Hugo: I initially felt pounced upon by the dealer, who spotted me outside and instantly whisked me into a C3. He quickly eased up, though, and once I told him I was after a quote, we headed over to his desk, where he efficiently put together an offer. This comprised a £1,125 discount (not bad for a recently launched car), as well as free mats and fuel. He was refreshingly honest about his need to meet quarterly targets and struck a good balance of being keen for a deal without being pushy. A follow-up e-mail arrived shortly after I left.

Becky: I had to wait 20 minutes for a salesman, although they were apologetic for it. When I did get seen, the salesman waffled when talking about the car, although was perfectly polite. He showed me around the car, talking about every little detail, and praised “my homework” after talking about the recent road-tax changes. He wouldn’t talk about any deals or discounts until I was sure I wanted to buy the car, and when I mentioned I’d want my other half to come with me for a test drive, he was persistent in repeatedly mentioning “when he’s here” and “when he sees it”.

Renault

Hugo: Despite four members of staff being free and the dealership being small, not one person said hello or approached me and after five minutes I asked for assistance. Fortunately, the young salesman who came rescued the situation with his relaxed and knowledgeable approach. He steered me away from the basic 1.2-litre Clio, pointing out that the extra £10 or so a month a more powerful engine cost would be largely offset by lower running costs. A £2,000 dealer contribution was highlighted and when I pushed for his best possible price, was promised a further £250 off. I was offered a test drive, a business card and a coffee, and left feeling impressed.

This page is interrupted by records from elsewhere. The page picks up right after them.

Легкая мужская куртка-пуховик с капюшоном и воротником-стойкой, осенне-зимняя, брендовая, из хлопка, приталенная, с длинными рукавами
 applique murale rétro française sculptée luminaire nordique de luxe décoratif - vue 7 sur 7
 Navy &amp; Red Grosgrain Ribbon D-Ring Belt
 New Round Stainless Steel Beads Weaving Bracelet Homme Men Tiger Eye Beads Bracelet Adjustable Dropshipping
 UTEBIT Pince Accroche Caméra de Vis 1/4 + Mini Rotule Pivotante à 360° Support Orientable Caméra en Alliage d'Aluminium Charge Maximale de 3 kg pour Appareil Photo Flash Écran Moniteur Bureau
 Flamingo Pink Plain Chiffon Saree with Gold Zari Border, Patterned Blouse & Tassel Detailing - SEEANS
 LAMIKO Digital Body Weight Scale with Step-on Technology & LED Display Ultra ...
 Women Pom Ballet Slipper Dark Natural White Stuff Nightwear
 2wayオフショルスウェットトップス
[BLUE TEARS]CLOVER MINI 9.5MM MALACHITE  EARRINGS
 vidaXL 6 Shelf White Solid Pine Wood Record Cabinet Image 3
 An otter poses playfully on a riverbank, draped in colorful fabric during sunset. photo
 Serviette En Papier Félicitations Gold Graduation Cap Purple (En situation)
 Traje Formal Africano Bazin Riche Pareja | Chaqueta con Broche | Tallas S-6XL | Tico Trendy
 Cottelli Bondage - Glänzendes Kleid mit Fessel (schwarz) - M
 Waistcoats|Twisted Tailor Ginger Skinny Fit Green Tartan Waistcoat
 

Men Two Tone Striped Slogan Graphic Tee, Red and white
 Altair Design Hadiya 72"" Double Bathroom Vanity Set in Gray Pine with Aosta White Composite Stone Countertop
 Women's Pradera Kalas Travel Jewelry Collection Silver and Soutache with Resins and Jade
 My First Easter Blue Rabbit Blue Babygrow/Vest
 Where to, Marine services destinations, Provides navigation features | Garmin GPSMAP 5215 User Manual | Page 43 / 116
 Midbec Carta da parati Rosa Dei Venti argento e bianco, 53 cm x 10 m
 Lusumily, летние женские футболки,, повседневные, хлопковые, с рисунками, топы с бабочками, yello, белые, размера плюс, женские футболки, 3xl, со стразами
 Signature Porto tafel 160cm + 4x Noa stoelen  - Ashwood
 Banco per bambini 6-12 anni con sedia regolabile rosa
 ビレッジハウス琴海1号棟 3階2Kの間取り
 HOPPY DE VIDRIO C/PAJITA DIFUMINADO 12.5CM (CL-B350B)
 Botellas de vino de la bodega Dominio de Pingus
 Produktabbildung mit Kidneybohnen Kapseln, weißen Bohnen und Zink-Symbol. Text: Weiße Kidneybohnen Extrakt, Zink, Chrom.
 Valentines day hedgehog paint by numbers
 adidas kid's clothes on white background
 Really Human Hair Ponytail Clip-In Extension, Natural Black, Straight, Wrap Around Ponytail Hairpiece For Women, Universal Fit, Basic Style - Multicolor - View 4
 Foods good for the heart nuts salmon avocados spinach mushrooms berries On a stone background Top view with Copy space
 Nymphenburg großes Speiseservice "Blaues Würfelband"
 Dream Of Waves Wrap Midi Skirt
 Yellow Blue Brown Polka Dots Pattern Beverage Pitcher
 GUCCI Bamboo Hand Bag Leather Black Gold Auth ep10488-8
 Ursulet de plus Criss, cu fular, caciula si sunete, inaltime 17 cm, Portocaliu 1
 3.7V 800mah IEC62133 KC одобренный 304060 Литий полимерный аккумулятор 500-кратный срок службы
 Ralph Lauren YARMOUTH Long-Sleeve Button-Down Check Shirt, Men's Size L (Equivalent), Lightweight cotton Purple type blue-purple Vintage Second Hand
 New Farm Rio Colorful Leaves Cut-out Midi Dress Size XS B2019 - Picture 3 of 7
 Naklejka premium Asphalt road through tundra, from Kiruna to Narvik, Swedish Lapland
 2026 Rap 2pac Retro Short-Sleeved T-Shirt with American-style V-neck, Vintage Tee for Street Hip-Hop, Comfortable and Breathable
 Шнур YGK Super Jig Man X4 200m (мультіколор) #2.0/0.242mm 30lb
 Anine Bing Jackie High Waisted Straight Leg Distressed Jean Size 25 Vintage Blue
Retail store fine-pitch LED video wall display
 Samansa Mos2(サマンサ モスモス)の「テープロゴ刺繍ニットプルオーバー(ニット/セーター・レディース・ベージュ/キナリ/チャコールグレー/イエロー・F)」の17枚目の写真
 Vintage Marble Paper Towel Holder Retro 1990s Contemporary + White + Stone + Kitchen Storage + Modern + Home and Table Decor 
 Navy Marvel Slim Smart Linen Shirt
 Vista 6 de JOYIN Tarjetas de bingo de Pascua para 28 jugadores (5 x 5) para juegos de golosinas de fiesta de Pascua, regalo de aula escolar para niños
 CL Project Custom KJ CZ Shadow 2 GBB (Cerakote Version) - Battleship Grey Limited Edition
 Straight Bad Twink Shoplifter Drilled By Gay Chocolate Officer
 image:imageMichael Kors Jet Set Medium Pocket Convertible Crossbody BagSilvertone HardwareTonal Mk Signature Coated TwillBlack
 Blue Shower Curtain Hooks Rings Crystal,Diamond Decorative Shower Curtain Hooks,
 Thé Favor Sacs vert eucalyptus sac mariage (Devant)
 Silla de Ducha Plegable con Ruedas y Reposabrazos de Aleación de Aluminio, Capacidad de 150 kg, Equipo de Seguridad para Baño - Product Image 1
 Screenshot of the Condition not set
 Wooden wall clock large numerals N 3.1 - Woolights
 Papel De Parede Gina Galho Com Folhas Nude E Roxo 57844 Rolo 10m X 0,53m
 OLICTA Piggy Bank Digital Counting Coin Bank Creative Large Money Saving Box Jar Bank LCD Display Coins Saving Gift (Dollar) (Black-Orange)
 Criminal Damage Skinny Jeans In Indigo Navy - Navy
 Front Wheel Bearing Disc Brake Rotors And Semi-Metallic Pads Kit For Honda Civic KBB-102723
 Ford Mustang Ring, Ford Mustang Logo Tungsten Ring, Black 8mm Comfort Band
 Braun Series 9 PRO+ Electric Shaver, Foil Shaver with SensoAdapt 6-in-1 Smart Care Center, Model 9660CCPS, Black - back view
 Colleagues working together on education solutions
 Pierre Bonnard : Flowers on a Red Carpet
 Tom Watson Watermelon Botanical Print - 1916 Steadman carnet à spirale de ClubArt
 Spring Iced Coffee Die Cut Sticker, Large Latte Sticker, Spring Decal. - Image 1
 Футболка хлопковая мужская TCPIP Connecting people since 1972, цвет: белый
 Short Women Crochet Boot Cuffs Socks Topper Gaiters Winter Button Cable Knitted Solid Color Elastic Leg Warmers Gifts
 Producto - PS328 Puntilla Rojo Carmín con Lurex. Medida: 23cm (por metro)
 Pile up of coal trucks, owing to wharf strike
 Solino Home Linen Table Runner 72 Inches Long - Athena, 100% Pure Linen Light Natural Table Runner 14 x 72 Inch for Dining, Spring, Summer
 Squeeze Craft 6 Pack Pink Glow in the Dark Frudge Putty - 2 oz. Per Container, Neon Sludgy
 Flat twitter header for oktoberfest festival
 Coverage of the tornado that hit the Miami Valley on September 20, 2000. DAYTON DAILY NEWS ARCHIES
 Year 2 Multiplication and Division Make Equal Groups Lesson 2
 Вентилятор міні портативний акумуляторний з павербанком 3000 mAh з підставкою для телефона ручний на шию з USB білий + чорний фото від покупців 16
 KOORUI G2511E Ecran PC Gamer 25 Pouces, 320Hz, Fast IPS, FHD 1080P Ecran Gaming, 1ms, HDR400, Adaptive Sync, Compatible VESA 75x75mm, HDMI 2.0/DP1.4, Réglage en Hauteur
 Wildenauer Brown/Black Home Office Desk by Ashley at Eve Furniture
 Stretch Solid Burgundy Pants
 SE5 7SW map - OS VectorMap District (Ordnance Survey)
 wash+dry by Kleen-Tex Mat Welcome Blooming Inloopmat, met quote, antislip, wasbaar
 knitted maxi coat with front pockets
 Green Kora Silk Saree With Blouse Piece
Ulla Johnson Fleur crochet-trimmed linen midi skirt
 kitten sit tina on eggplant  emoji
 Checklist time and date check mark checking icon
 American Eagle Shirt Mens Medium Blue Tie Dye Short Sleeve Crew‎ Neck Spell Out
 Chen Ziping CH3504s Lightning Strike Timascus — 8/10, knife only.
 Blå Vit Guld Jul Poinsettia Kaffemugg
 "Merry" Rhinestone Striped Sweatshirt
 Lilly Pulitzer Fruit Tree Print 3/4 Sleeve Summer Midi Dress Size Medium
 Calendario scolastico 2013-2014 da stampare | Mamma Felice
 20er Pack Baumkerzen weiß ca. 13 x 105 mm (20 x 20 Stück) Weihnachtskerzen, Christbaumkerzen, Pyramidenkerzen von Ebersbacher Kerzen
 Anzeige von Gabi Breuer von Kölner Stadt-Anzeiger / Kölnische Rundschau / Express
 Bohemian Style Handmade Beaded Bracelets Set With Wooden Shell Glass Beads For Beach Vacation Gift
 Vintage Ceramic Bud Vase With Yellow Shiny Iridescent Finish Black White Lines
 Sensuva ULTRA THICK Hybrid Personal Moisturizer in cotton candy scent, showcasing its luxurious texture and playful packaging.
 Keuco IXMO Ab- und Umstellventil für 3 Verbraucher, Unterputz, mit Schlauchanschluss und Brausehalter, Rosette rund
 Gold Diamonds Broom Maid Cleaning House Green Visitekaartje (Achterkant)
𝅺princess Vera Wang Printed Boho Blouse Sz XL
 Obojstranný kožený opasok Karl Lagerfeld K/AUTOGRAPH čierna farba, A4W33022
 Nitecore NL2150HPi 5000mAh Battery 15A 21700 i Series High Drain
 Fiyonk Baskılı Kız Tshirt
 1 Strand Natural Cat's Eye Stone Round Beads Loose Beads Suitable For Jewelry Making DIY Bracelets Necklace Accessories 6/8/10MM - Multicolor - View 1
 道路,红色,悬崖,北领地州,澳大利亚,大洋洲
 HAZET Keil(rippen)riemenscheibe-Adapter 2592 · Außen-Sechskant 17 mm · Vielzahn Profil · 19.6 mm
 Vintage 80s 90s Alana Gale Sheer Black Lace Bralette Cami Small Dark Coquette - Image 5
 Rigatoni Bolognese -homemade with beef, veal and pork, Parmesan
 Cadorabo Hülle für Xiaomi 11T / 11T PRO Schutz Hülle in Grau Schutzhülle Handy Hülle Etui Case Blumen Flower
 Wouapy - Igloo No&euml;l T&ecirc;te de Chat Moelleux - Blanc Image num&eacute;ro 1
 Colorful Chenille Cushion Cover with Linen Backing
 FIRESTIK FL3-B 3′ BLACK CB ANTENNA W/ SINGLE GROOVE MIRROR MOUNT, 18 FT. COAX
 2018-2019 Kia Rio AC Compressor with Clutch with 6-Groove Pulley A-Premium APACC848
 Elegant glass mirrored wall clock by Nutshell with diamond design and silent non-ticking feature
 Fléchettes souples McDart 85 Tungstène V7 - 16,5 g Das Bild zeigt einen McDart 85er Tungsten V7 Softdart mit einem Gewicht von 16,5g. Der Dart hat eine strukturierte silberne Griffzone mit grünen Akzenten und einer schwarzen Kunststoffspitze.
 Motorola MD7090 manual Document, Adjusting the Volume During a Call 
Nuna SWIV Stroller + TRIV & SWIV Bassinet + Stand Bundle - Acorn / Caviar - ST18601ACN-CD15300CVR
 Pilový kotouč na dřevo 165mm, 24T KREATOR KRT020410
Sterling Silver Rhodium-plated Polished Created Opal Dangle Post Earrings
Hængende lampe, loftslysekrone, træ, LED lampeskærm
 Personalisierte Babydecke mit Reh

Becky: I waited a little while to be greeted, but was seen by a helpful salesman who listened to what I wanted and advised a different trim to the one I asked for, highlighting the inclusion of features such as sat nav. He showed me around the car and proceeded to assemble a quote. He pushed a dealer event where a £500 hotel voucher would be included in every sale, and spoke about the £2,000 deposit contribution. He also offered to include reverse parking sensors for the price, as that was the only accessory I’d been keen on.

Nissan

Hugo: Nobody saw me loitering on the forecourt, but once inside I was approached quickly and genially. The dealer showed me around a Qashqai on display, and then immediately asked if he could set up a test drive. A £1,500 deposit contribution was mentioned when I asked about discounts, and a further £500 off was offered if bought during a forthcoming sales event. When I enquired about getting metallic paint thrown into the package, I was told there were “always deals to be done” and it was important that we could come to a mutually beneficial deal – although the specifics of this were a little thin on the ground.

Becky: The salesman showed me around the Qashqai, but did enquire as to why I needed such a big car. He went through the specifications and got out an iPad for me to enter my details – but even commented on how little he bothered using it. Then he mentioned an upcoming dealer sales event, although he said specific details of this hadn’t been confirmed. He continued to make discounts to my quote, but just said they were “secret changes to help you”.

Vauxhall

Hugo: The only female salesperson I came across all day was quick to spot me once I was inside, and welcoming in her approach. When I told her I was after the best deal possible, she steered me away from Design trim into a model that would qualify for 0% APR and an £1,800 deposit contribution, and highlighted an upcoming sales event that weekend – although she wouldn’t know exactly what this would involved until it started. I was able to get floor mats and a tank of fuel thrown in, but not metallic paint. The secret nature of the weekend sales event would have annoyed me if I had taken a day off work to go car shopping, though.

Becky: I was seen straight away by a salesman who took all my details and requirements. He did ask why I needed a five-door car, but was engaging and knowledgeable. He felt more like a typical ‘car salesman’, with lots of “you’ll shake my hand when you see these figures!” type of negotiation, and did add products to my quote without asking. But he assured me that “if you want a deal – you’ll get a deal!” and bumped up my part-ex value by £500, saying there’d be another £1,000 off at a weekend event, plus more extras when I was definitely ready to buy.